Le site de la Sonara (Société nationale de raffinage), à Limbé, dans la région du Sud-Ouest du Cameroun, avait été partiellement détruit par un incendie le 31 mai 2019. © Kepseu JP
En discussion avec Vitol, Glencore et Trafigura, entre autres, Yaoundé s’engage à rembourser plus de 136 millions d’euros de dettes de la Société nationale de raffinage (Sonara). En attendant de trouver une solution avec deux derniers négociants.
Le projet de convention avec Vitol est pratiquement prêt. Il n’attend plus que l’avis du Comité national de la dette publique (CNDP) ainsi que la lettre de confort qui doit l’accompagner. Pour que l’accord soit paraphé, Jean-Paul Simo Njonou, le directeur général de la Société nationale de raffinage (Sonara), devra aussi requérir l’autorisation de son conseil d’administration. De simples formalités en principe.

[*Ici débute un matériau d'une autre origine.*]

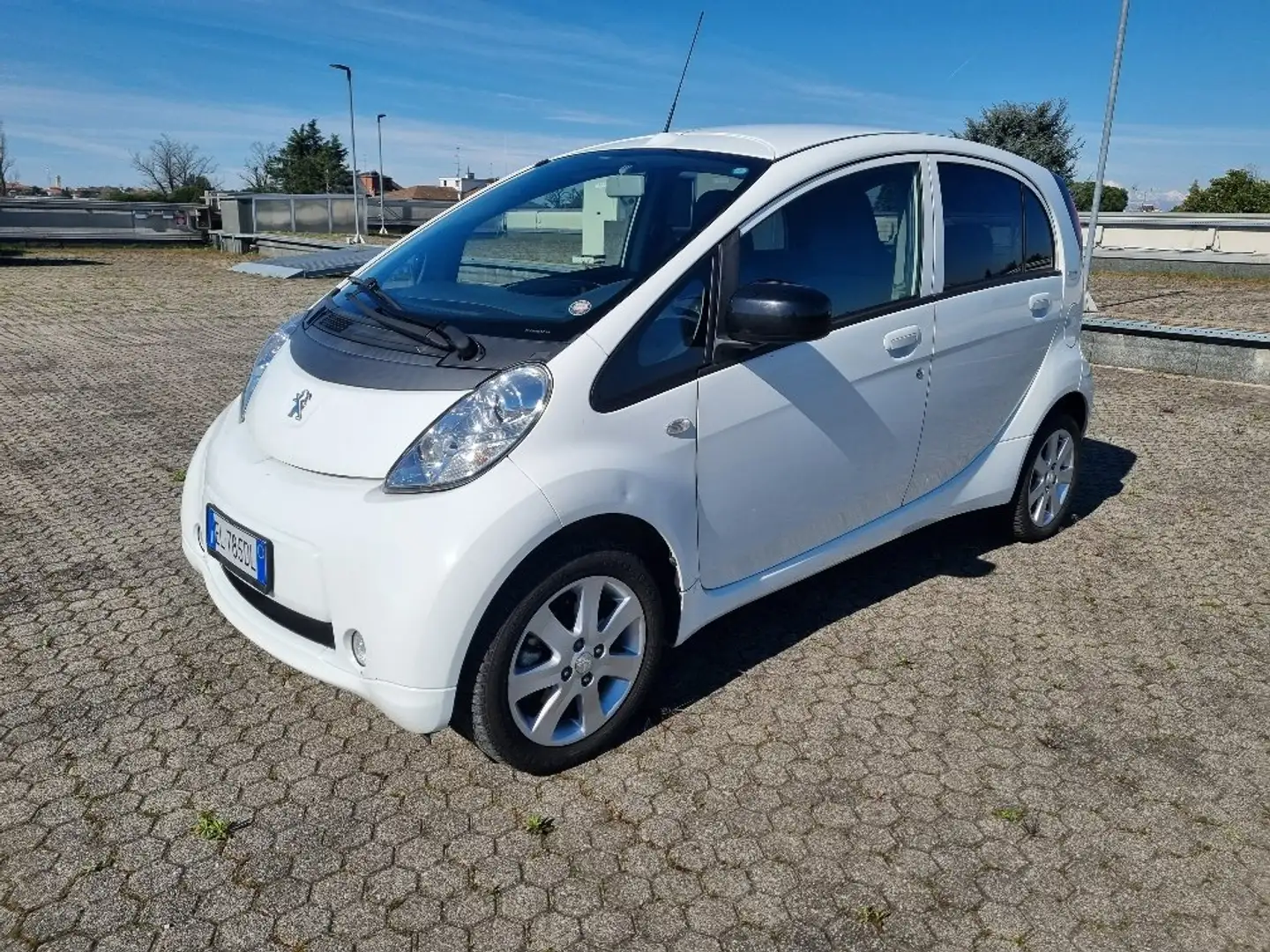 Peugeot iOn iOn Active 49kW White - 1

Si cette convention avec le principal créancier de la raffinerie camerounaise et chef de file des traders est validée – pour un montant de 154,8 milliards de F CFA (102,3 millions d’euros) –, elle servira de référence pour les accords à venir avec les six autres traders (Trafigura, Glencore, Addax, Gunvor, Mercuria et PSTV) avec lesquels Yaoundé est également parvenu à un compromis.
Les négociations avec deux derniers traders, Sahara Energy et Petra, dont les créances sont évaluées à 98 milliards de F CFA (plus de 5 millions d’euros), doivent en revanche se poursuivre.